(Beginning of GIVEN RECORDS)
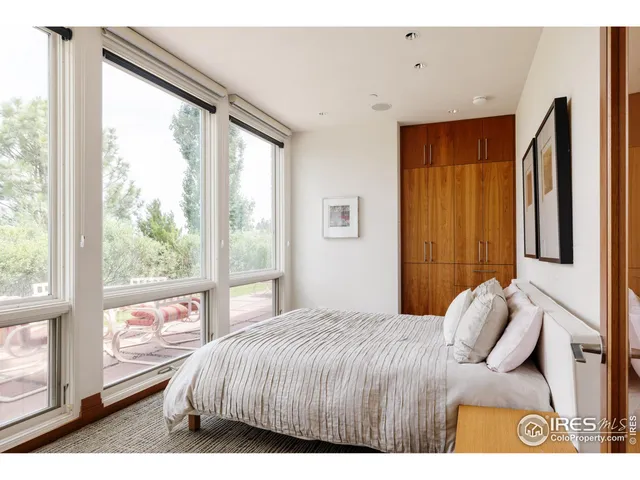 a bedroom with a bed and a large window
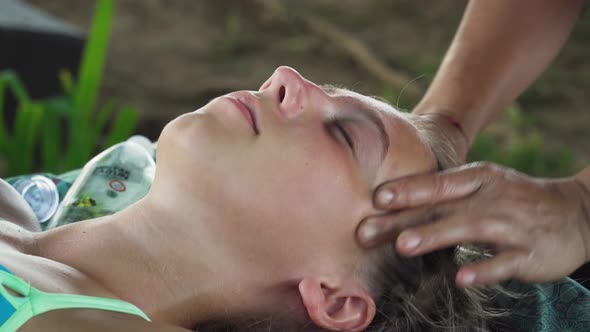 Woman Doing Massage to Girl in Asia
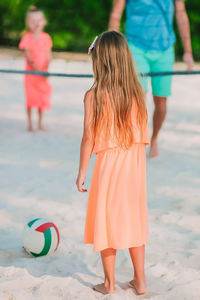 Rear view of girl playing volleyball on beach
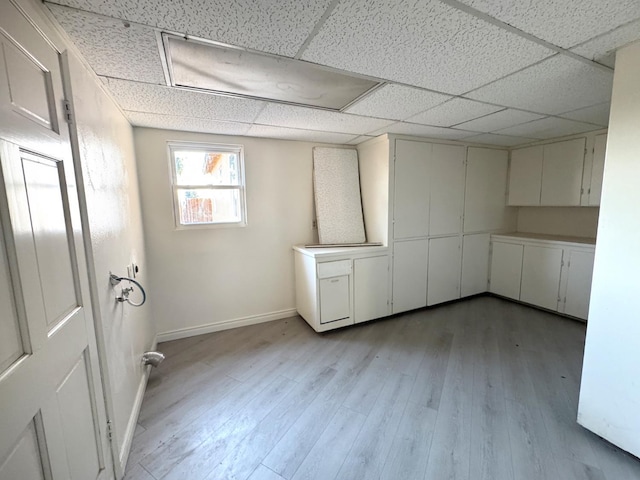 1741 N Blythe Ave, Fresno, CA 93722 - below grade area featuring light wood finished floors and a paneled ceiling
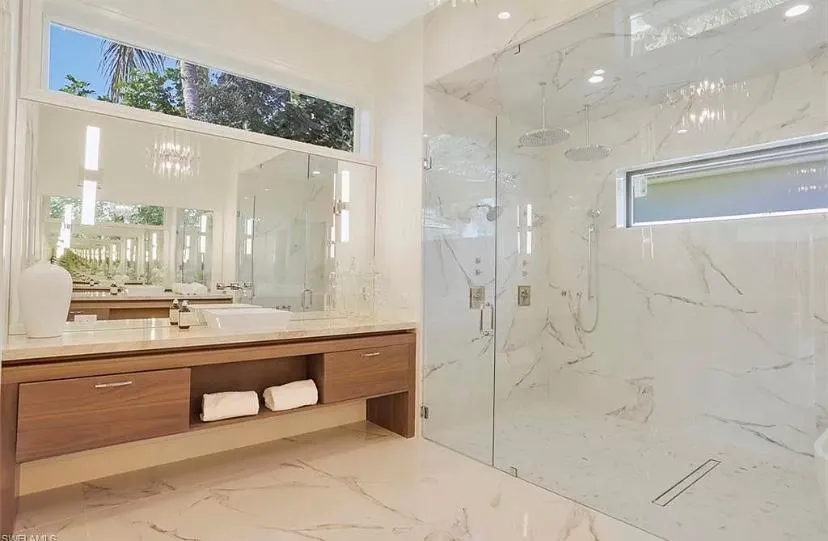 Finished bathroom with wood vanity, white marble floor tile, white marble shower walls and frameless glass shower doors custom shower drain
(End of GIVEN RECORDS)
WORK REQUIRED.
Exclude every picture and copy the remaining data exactly.

YOUR SOLUTION.
 a bedroom with a bed and a large window
 Woman Doing Massage to Girl in Asia
 Rear view of girl playing volleyball on beach
 1741 N Blythe Ave, Fresno, CA 93722 - below grade area featuring light wood finished floors and a paneled ceiling
 Finished bathroom with wood vanity, white marble floor tile, white marble shower walls and frameless glass shower doors custom shower drain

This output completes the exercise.